Yes, I know “watercolours” is not the American way to spell watercolors. But neither is “aquarelle” which is the name on the box. This is a multi-cultural project, don’tcha see?
The facts are these:
- Watercolours is the Brit spelling.
- Aquarelle means “watercolor” in French.
- Ravensburger (the maker of this kit) is a German company.
- The artist Claude Monet was French.
- Timberdoodle is an American company.
- This is an American blog.
Probably you already knew all that, and don’t really care. I don’t blame you. However, I also have to tell you I received this Aquarelle Monet watercolor kit from Timberdoodle in exchange for my honest review. And too, I’ll be right up front and tell you, I am no Claude Monet. I do admire his work and I enjoy looking at watercolor paintings, but that’s about as far as that goes.
We had the opportunity to review several products for Timberdoodle this fall (including Tenzi, Simbrix, and Puzzleball) and I thought this kit looked like something Rebecca and I would enjoy doing together.
It comes with the outlines for 3 different Monet paintings and a detailed instructional booklet (written in oh-so-many-different languages) with good general information about watercolor techniques. In other words, the instructions aren’t just specific to this particular kit. The 5 colors of paint (3 primaries plus magenta and black) are liquid. The color chart on the back of the booklet is a “cheat sheet” for mixing your own colors. The kit includes a dropper and a handy palette as well as a double-ended brush, in 2 sizes.

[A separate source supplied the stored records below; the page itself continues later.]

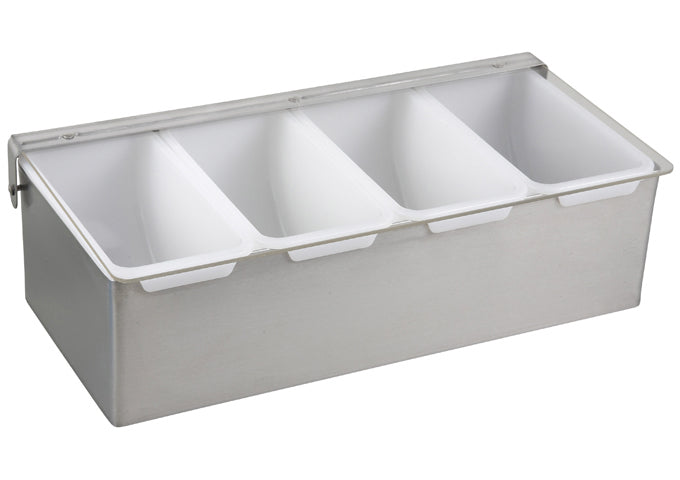 Condiment Holder, 6 Compartment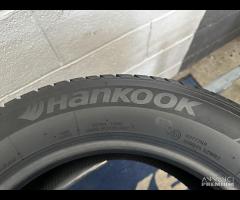 4 gomme 215/60 R16. Hankook Invernali al 80% - 3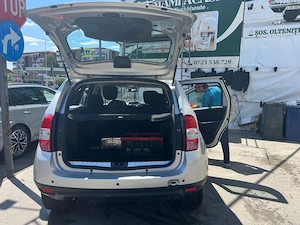 Autoturism Dacia Duster Laureate, euro 6 - imagine 4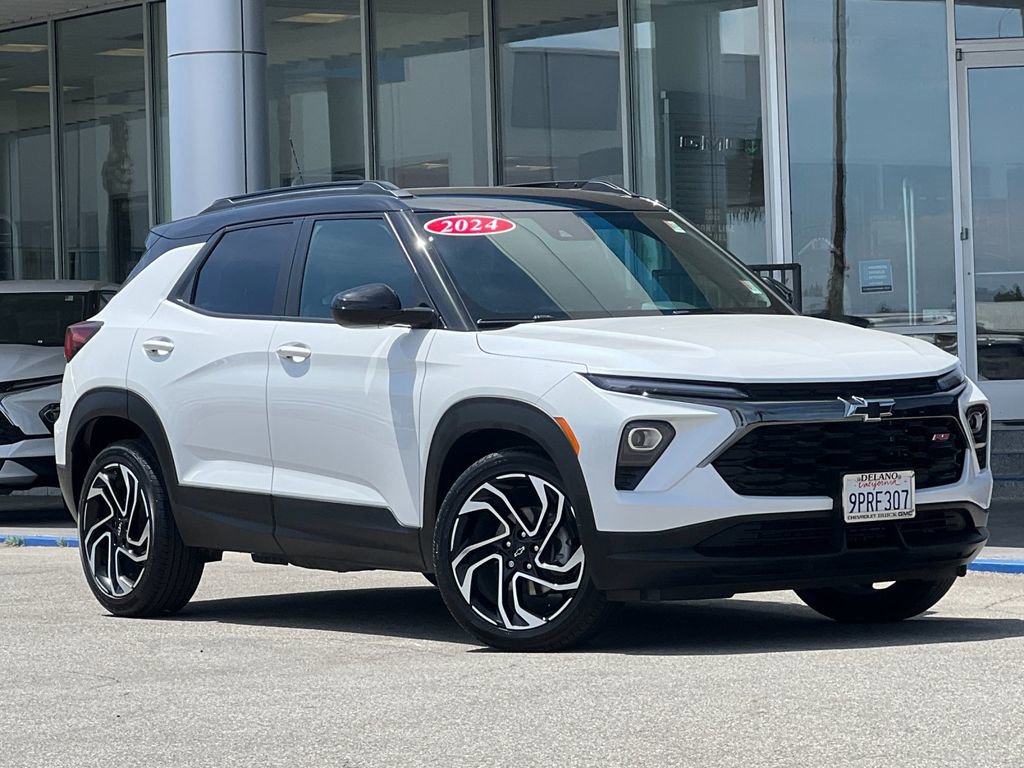 Used 2024 Chevrolet TrailBlazer RS w/ Convenience Package image 7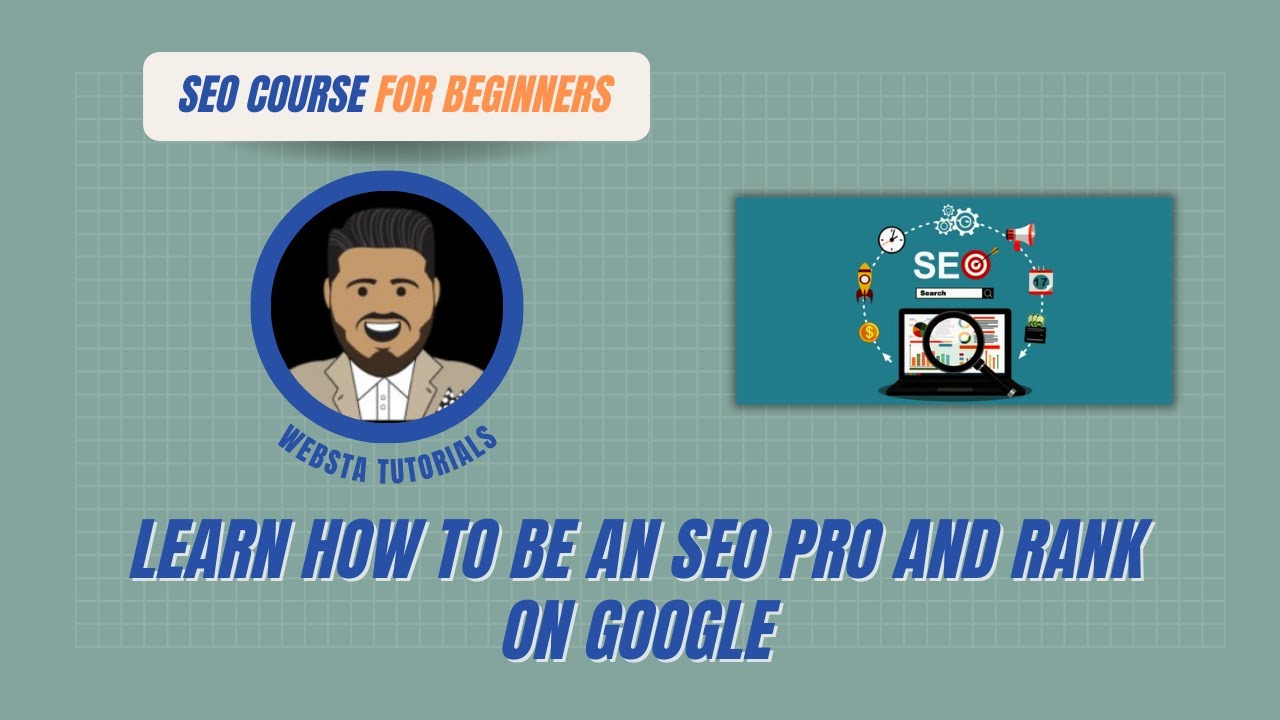 Complete SEO Course for beginners | Be an SEO Pro | Rank on Google ...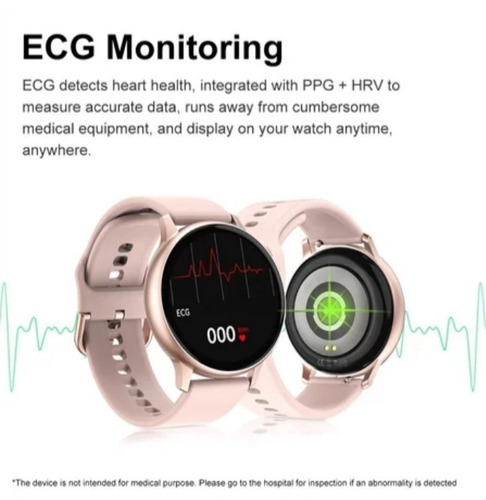Smart Watch Reloj Inteligente Dt-88 Pro Metal Android E Ios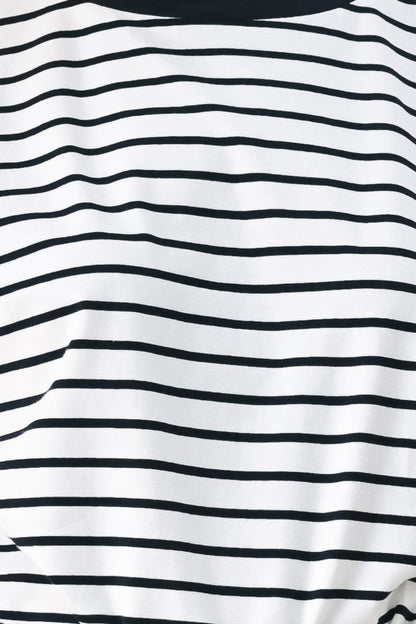 Everyday Cool Strip Knit Top view 14 - Fall Wardrobe Essential - Everyday Cool Tops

Rebecca decided that she wanted to start by practicing mixing colors. I highly recommend that process before attempting the paintings. However, you may run short on paint if you play around with this very much. No worries in that regard, though. We discovered that regular ol’ cheap watercolor paints can also be used the same way.
And that right there is what I love about this kit. Yes, it includes everything you need to complete 3 paintings. But it’s not a kit in the sense that once you’ve completed it you’ll need to buy another one to do something similar. It’s really more of a mini course. Rebecca and I learned a lot about watercolor techniques just by reading the booklet and experimenting with the supplies provided.
The Monet painting outlines in the kit are not printed outlines. Rather the lines are of a translucent waxy substance that repelled the paint but still provided some guidance. Did you ever draw on a boiled egg with a white crayon before dying it for Easter? It’s kinda that idea.
The kit does not include a color guide for the paintings. The only thing we had to go by was the picture on the box, which wasn’t all that helpful, especially since the pictures overlap.
We would have liked more guidance with that, but to quote from the booklet: “You’re the artist! …You decide on the technique and colours to use. Just let your imagination run free and be as creative as you can — that way you’ll be guaranteed a succesful work of art all of YOUR own!”
Successful? Eh. I don’t know so much about that.